I didn’t know we’d be paddling through mangroves. And that it would be almost pitch black. Now, after getting stuck in the roots and dangling branches, it made more sense why the guides warned us that people fall out of their kayaks — even though the water is calm. And that I shouldn’t bring my digital SLR camera — even though I tied plastic grocery bags around it to protect it from the water.
Lest you think I’m a newbie kayaker, I’ve done two multiday paddling trips, both while pregnant: one unguided five-day trip between the Everglades’ mangrove islands, the other circumnavigating La Espiritu Santo in the Sea of Cortez.
But I’ve never been so disoriented as I was during the 45-minute paddle to Puerto Rico’s Laguna Grande, one of the island’s three bioluminescent bays. It was like kayaking while blindfolded — I couldn’t see any better with my eyes open than shut.
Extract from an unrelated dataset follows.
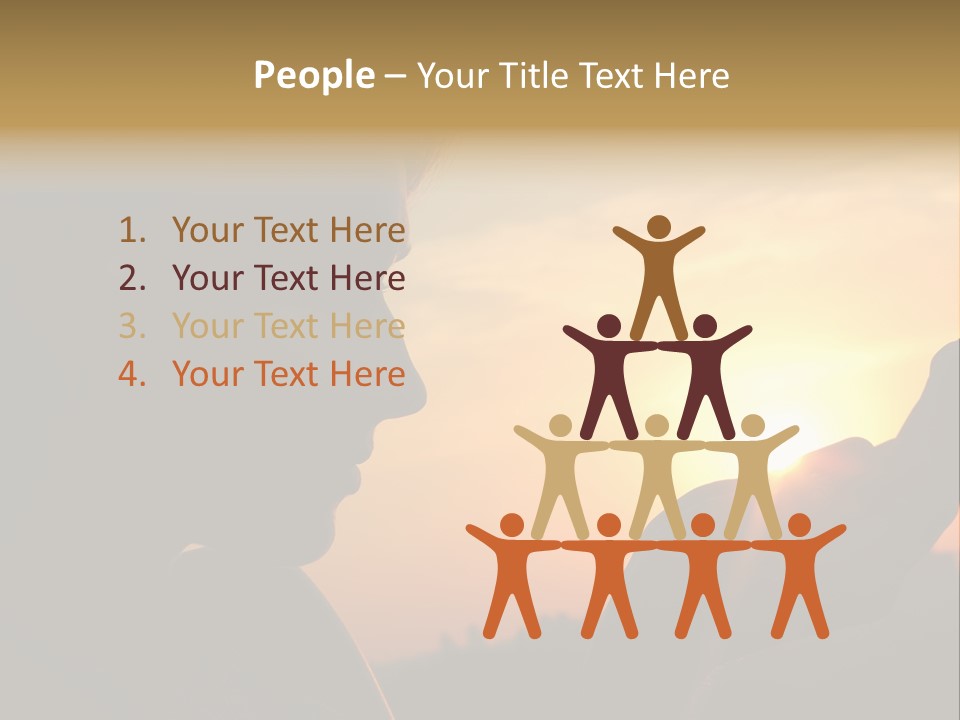 A Woman Holding A Cell Phone In Front Of A Sunset PowerPoint Template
The only real light was occasional red flashes from signals on the kayak sterns. Until we got stuck, I didn’t even know we were near mangroves. I thought we had entered some kind of tunnel.
Obviously I hadn’t done my homework. My 10-year-old daughter Dori shrieked as she hit the low-hanging branch from the kayak bow. The guide silently glided over to free our boat from the branches, shining his flashlight, which allowed me a brief moment to glance around at the surroundings.
We booked our trip purposefully for a new moon night, so that it would be even darker, to more easily see the glowing dinoflagyllates in the water below. While we started to see the oar light up in the brackish mangrove waters, I was so busy paddling and steering, trying to avoid the boats in front of me and the returning kayakers on the left side, that I couldn’t look down and appreciate the view.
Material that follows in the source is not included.